Before we get going today, please complete the [Python Syntax tutorial at Codecademy](https://www.codecademy.com/courses/learn-python/lessons/python-syntax). 

Note that we will be using Python 3 in this notebook, not Python 2. As the Codecademy tutorial mentions, one critical change between 2 and 3 is that Python 3 uses the following syntax for print statements: print("Statement")

Click into the code box below for an example of printing in Python 3:

In [None]:
# To run this code, click into this box and then click the Run button at the top of the screen

researchQ = "???"
print("A key question in my current research project is: " + researchQ)

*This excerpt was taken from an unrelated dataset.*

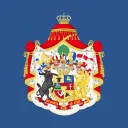 House of Mecklenburg | TN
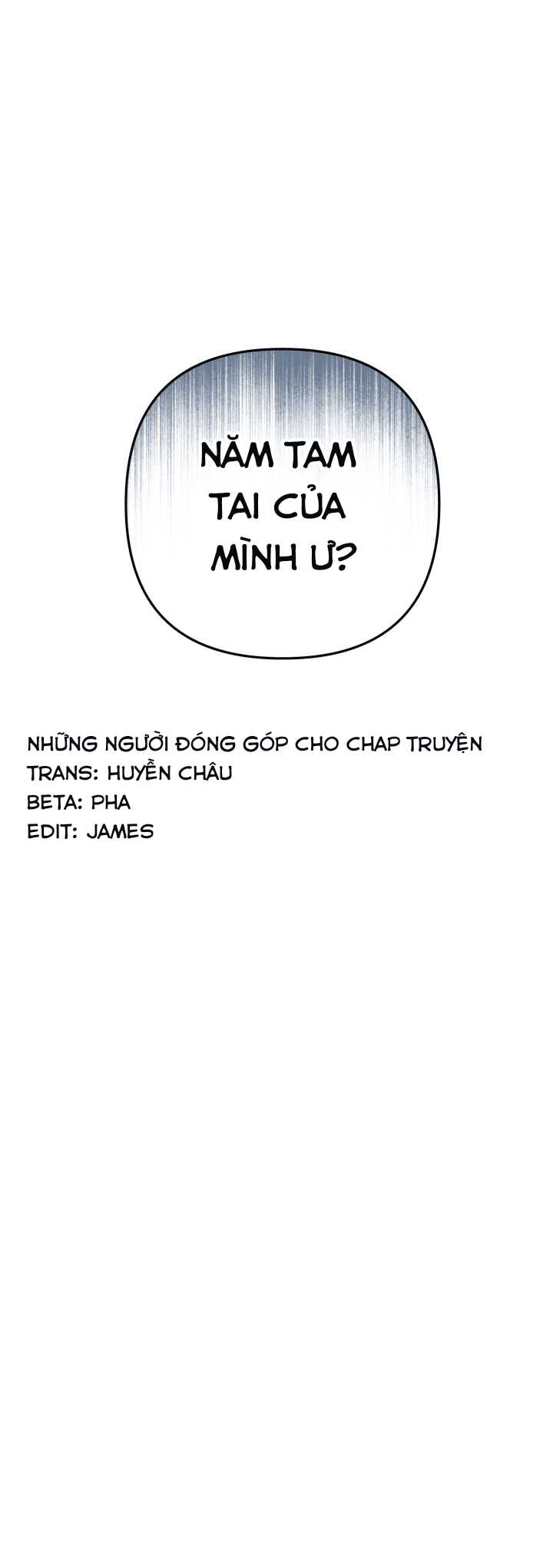 Học Viện Mu Wui Kwan Chapter 2 - Trang 2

# Now try assigning a different value to researchQ. Run the code again to see a different answer

Today we will be adding a few concepts beyond the Codecademy tutorial. One important technique is the idea of **looping** or **iteration**. Sometimes we may wish to run the same line of code several times, but perhaps manipulating a different value each time.

For instance, consider the following variable assignemnt for *methods*:

In [None]:
# The methods variable stores a list of three separate strings

methods = ["text analysis", "web mapping", "data cleaning", "lots of Googling", "inventing new methods entirely"]

# Click into this box and select RUN to assign the values to the methods variable

Python uses several data types to store data in variables. We will often want to collect our data into a single collection of values. 

A **list** is an ordered collection of values. We can create a list by using brackets around a collection of items, each of which is separated by a comma.

In this case, we created a list of **strings**. Strings are sequences of alphanumeric characters. We create a string by using quotation marks (single-quotes, double-quotes, or triple-quotes all work, as long as we use the same type at the beginning and the end).

How would we print out each of these strings one by one? One approach is to tell Python to print multiple times
Selecting a differnt item from the list using the "index", or number corresponding to the location of the item:

In [None]:
print("Digital humanities involves " + methods[0])
print("Digital humanities involves " + methods[1])
print("Digital humanities involves " + methods[2])
print("Digital humanities involves " + methods[3])
print("Digital humanities involves " + methods[4])


This method works, but is repetitive to write. (In programming, we try to follow the DRY princniple: Don't Repeat Yourself!)

Instead, let's loop over the numbers 0, 1, 2, 3, 4 using a for loop and a list:

In [None]:
for index in [0, 1, 2, 3, 4]:
    print("Digital humanities involves " + methods[index])

This method uses far less code and produces the same result.

Sometimes, we would rather ignore the idea of the index entirely. Python lets us ignore indexes if we choose and loop over a list directly using the following syntax:

In [None]:
for method in methods:
    print("Digital humanities involves " + method)


The idea of looping is very powerful, especially when we don't know ahead of time what values we will use.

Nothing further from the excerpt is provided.